How to render cloud FPGAs useless

Day 2 19:15 Fuse en Security

Dec. 28, 2025 19:15-19:55

While FPGA developers usually try to minimize the power consumption of their designs, we approached the problem from the opposite perspective: what is the maximum power consumption that can be achieved or wasted on an FPGA? Short answer: we found that it’s easy to implement oscillators running at 6 GHz that can theoretically dissipate around 20 kW on a large cloud FPGA when driving the signal to all the available resources. It is interesting to note that this power density is not very far away from that of the surface of the sun. However, such power load jump is usually not a problem as it will trigger some protection circuitry. This led us to the next question: would a localized hotspot with such power density damage the chip if we remain within the typical power envelope of a cloud FPGA (~100 W)?

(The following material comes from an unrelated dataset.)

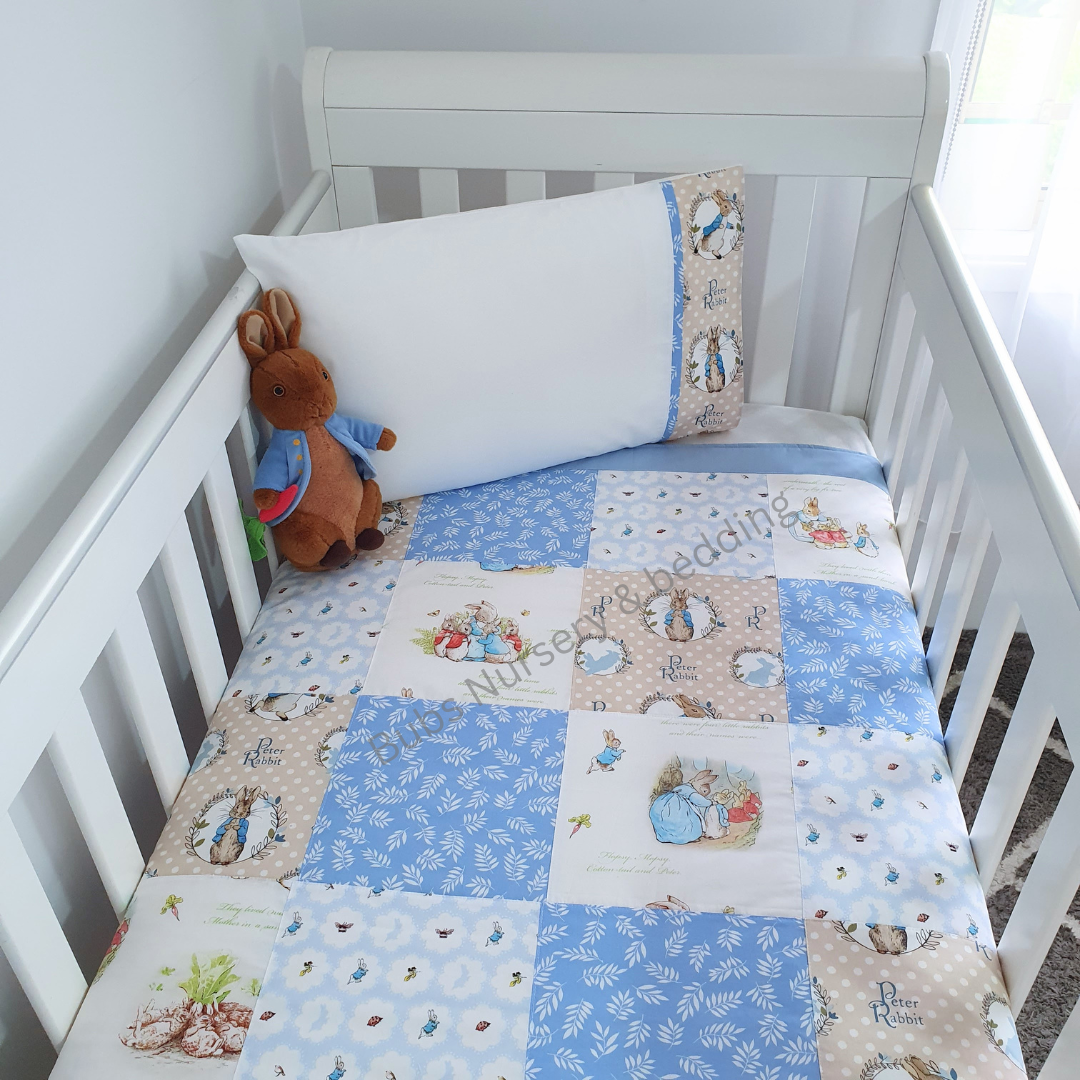 Peter Rabbit patchwork Cot quilt + pillow case set - Blue, white & taupe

While we could not “fry” the chip or induce permanent errors (and we tried several variants), we did observe that a few routing wires aged to become up to 70% slower in just a few days of stressing the chip. This basically means that such an FPGA cannot be rented out to cloud users without risking timing violations. In this talk, we will present how we optimized power wasting, how we measured wire latencies with ps accuracy, how we attacked 100 FPGA cloud instances and how we can protect FPGAs against such DOS attacks.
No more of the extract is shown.